Extracted records ::
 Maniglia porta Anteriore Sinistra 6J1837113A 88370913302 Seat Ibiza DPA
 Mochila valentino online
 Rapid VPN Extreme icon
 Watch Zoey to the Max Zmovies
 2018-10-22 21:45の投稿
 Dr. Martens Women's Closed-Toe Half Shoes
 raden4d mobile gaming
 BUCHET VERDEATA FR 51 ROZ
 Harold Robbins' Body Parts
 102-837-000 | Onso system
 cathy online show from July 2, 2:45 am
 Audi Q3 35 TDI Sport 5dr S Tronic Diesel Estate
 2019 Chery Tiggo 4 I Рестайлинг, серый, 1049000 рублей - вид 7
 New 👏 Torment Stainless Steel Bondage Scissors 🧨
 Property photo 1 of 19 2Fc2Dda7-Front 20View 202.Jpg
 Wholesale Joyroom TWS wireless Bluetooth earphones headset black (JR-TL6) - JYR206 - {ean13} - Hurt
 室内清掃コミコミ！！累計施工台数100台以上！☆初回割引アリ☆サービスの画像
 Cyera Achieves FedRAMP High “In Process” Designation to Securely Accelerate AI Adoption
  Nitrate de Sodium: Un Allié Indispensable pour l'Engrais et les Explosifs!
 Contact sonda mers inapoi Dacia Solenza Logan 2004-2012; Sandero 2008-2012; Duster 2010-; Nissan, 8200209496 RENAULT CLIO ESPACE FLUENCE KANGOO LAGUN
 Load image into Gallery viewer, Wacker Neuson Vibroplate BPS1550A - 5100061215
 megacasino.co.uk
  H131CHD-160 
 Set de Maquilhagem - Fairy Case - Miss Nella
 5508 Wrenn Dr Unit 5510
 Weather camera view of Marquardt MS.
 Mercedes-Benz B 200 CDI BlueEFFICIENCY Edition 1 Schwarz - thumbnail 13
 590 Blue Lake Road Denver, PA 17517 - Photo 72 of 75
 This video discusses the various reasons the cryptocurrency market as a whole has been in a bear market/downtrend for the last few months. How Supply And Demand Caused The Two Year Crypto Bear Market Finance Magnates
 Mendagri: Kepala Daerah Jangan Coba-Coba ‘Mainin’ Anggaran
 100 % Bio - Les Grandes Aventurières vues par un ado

What you are asked to do ::
Reproduce every record exactly, line by line.

Answer space ::
 Maniglia porta Anteriore Sinistra 6J1837113A 88370913302 Seat Ibiza DPA
 Mochila valentino online
 Rapid VPN Extreme icon
 Watch Zoey to the Max Zmovies
 2018-10-22 21:45の投稿
 Dr. Martens Women's Closed-Toe Half Shoes
 raden4d mobile gaming
 BUCHET VERDEATA FR 51 ROZ
 Harold Robbins' Body Parts
 102-837-000 | Onso system
 cathy online show from July 2, 2:45 am
 Audi Q3 35 TDI Sport 5dr S Tronic Diesel Estate
 2019 Chery Tiggo 4 I Рестайлинг, серый, 1049000 рублей - вид 7
 New 👏 Torment Stainless Steel Bondage Scissors 🧨
 Property photo 1 of 19 2Fc2Dda7-Front 20View 202.Jpg
 Wholesale Joyroom TWS wireless Bluetooth earphones headset black (JR-TL6) - JYR206 - {ean13} - Hurt
 室内清掃コミコミ！！累計施工台数100台以上！☆初回割引アリ☆サービスの画像
 Cyera Achieves FedRAMP High “In Process” Designation to Securely Accelerate AI Adoption
  Nitrate de Sodium: Un Allié Indispensable pour l'Engrais et les Explosifs!
 Contact sonda mers inapoi Dacia Solenza Logan 2004-2012; Sandero 2008-2012; Duster 2010-; Nissan, 8200209496 RENAULT CLIO ESPACE FLUENCE KANGOO LAGUN
 Load image into Gallery viewer, Wacker Neuson Vibroplate BPS1550A - 5100061215
 megacasino.co.uk
  H131CHD-160 
 Set de Maquilhagem - Fairy Case - Miss Nella
 5508 Wrenn Dr Unit 5510
 Weather camera view of Marquardt MS.
 Mercedes-Benz B 200 CDI BlueEFFICIENCY Edition 1 Schwarz - thumbnail 13
 590 Blue Lake Road Denver, PA 17517 - Photo 72 of 75
 This video discusses the various reasons the cryptocurrency market as a whole has been in a bear market/downtrend for the last few months. How Supply And Demand Caused The Two Year Crypto Bear Market Finance Magnates
 Mendagri: Kepala Daerah Jangan Coba-Coba ‘Mainin’ Anggaran
 100 % Bio - Les Grandes Aventurières vues par un ado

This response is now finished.